MCDONNELL v. NEW JERSEY TRANSIT RAIL OPERATIONS
Filing
59
OPINION Signed by Judge Katharine S. Hayden on 6/16/21. (cm, )
NOT FOR PUBLICATION
UNITED STATES DISTRICT COURT
DISTRICT OF NEW JERSEY
BRIAN J. McDONNELL,
Plaintiff,
Civil No.: 17-7698 (KSH) (CLW)
v.
NEW JERSEY TRANSIT RAIL
OPERATIONS,
OPINION
Defendant.
Katharine S. Hayden, U.S.D.J.
Brian J. McDonnell has sued his employer, New Jersey Transit Rail
Operations (hereafter “NJT”), on the basis of age discrimination and retaliation
under the Age Discrimination in Employment Act (“ADEA”), 29 U.S.C. § 621
et seq., and the New Jersey Law Against Discrimination (“NJLAD”), N.J.S.A.
10:5-1 et seq.
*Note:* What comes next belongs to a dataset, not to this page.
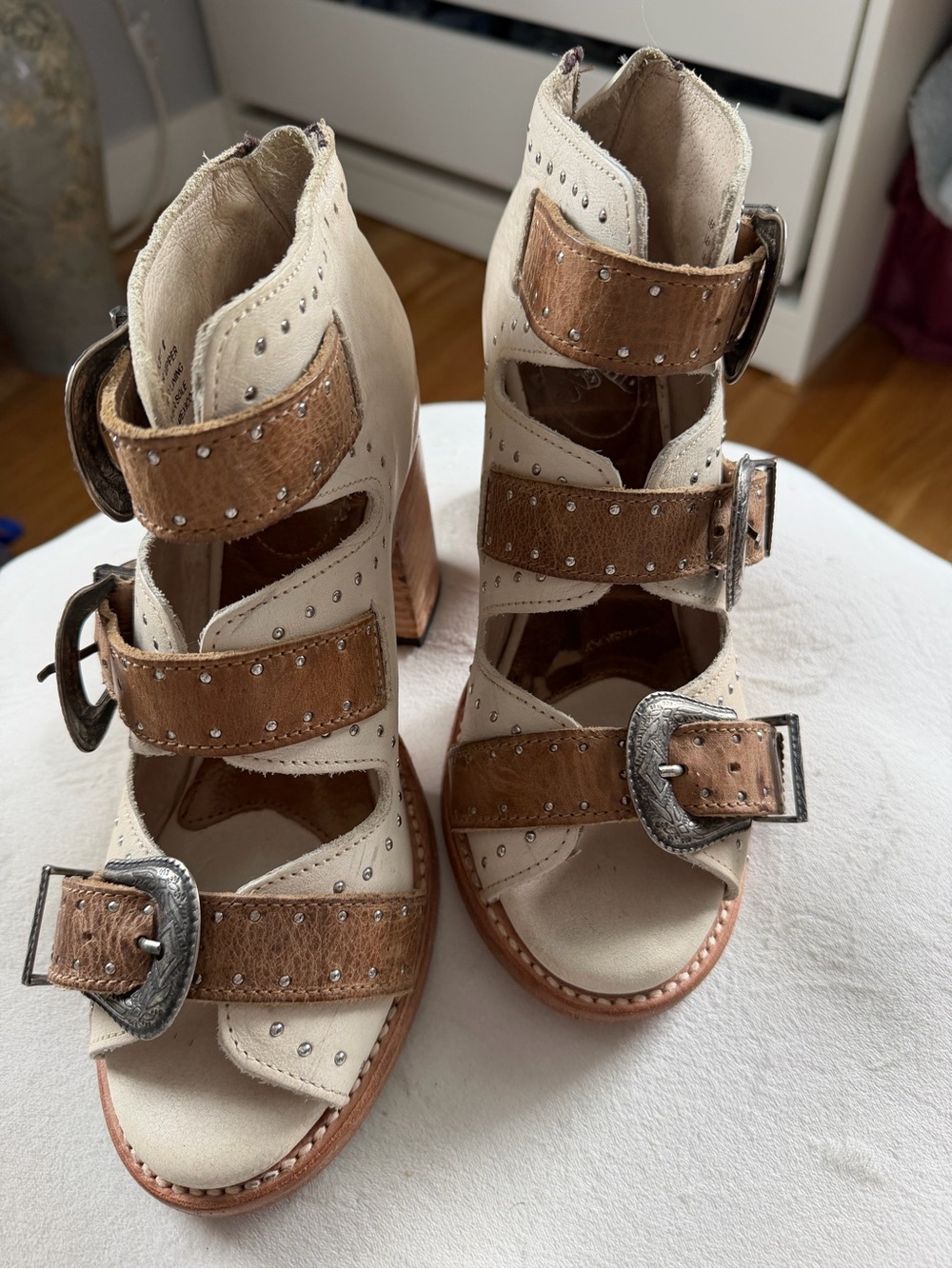 Freebird Women's Beige and Brown Violet Strappy Buckle Sandals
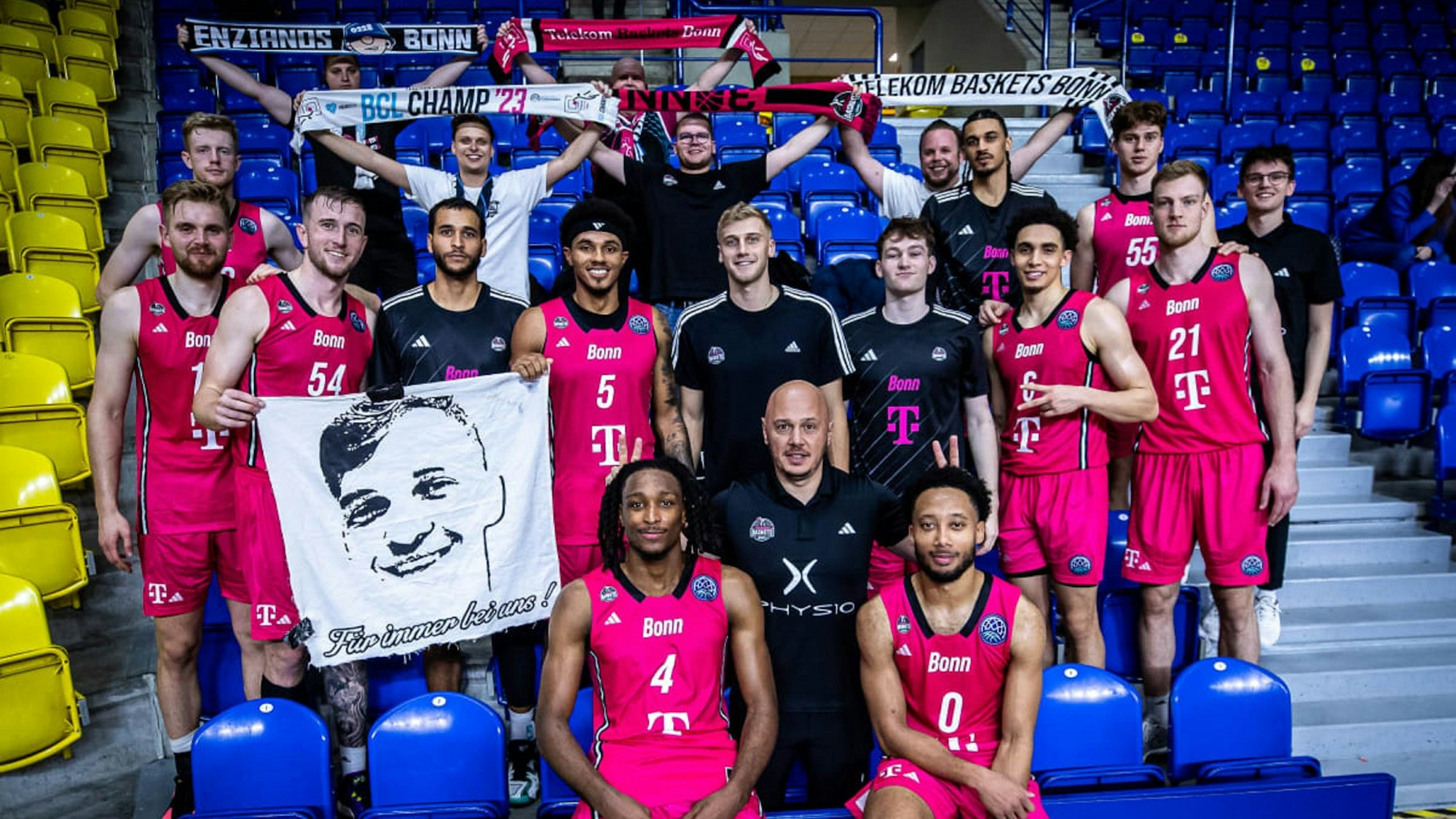 Die Baskets feiern den Sieg mit einigen mitgereisten Fans.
NJT moves to dismiss the federal claims and asks the Court to
decline to exercise supplemental jurisdiction.
This is a renewed motion by NJT. Shortly after McDonnell filed a twocount complaint on September 29, 2017 seeking redress under the ADEA and
unspecified state law claims (D.E. 1), NJT moved to dismiss the federal claim on
sovereign immunity grounds (D.E. 5). McDonnell filed an amended complaint
(D.E. 9), asserting discrimination and retaliation under the ADEA (Counts One and
Two) and discrimination and retaliation under NJLAD (Counts Three and Four).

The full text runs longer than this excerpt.